Patrice Collazo espère que le public jouera un rôle important à l’occasion du tout premier match de Champions Cup du club à Marcel-Deflandre, dimanche.

On a coutume de dire qu’avec la Coupe d’Europe, le niveau d’exigence augmente. Chez Patrice Collazo, cela ne concerne pas que ses joueurs puisque le manager rochelais espère que le public jouera un rôle important à l’occasion du tout premier match de Champions Cup de l’histoire du club à Marcel-Deflandre, dimanche, à 16 h 15 face à l’Ulster.

« J’ai hâte de voir, a-t-il souri mercredi. C’est une nouvelle configuration. Quand vous allez à Leicester ou Gloucester, tout le monde vous en parle. Eh bien maintenant, on va apprendre à connaître La Rochelle. C’est la moindre des choses. »

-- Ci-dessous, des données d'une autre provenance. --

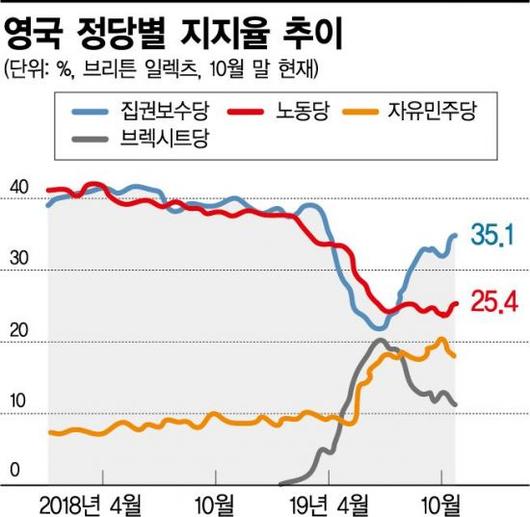 아시아경제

Et d’expliquer l’intérêt d’exporter la ferveur jaune et noire sur la scène continentale : « Ce serait sympa qu’à la fin de la compétition, les mecs se disent « quand on va à La Rochelle, « ouf » (il souffle), c’est compliqué sur le terrain mais aussi avec les supporteurs. Tout le monde vous parle de l’enfer du Munster (à Thomond Park). A Ravenhill (Kingspan Stadium, le stade de l’Ulster), ils sont quasiment 20000 (18000)… Il y a des places fortes de la Coupe d’Europe, des stades où l’on se sent un peu seul au monde. Mais vraiment seul. Ce serait sympa que l’Ulster, même s’ils viennent avec 300 supporteurs, se sentent un peu seuls au monde ici. »

Ce qui passe aussi par une certaine exigence sportive. Et Patrice Collazo de conclure : « Mais avant de les recevoir dans les tribunes, il faut les recevoir sur le terrain. Sinon, ça ne sert à rien… » Le match est lancé, il reste deux jours pour se préparer pour les habitués de Marcel-Deflandre, à guichets fermés pour la première fois lors d’une phase de poule de Coupe d’Europe de La Rochelle.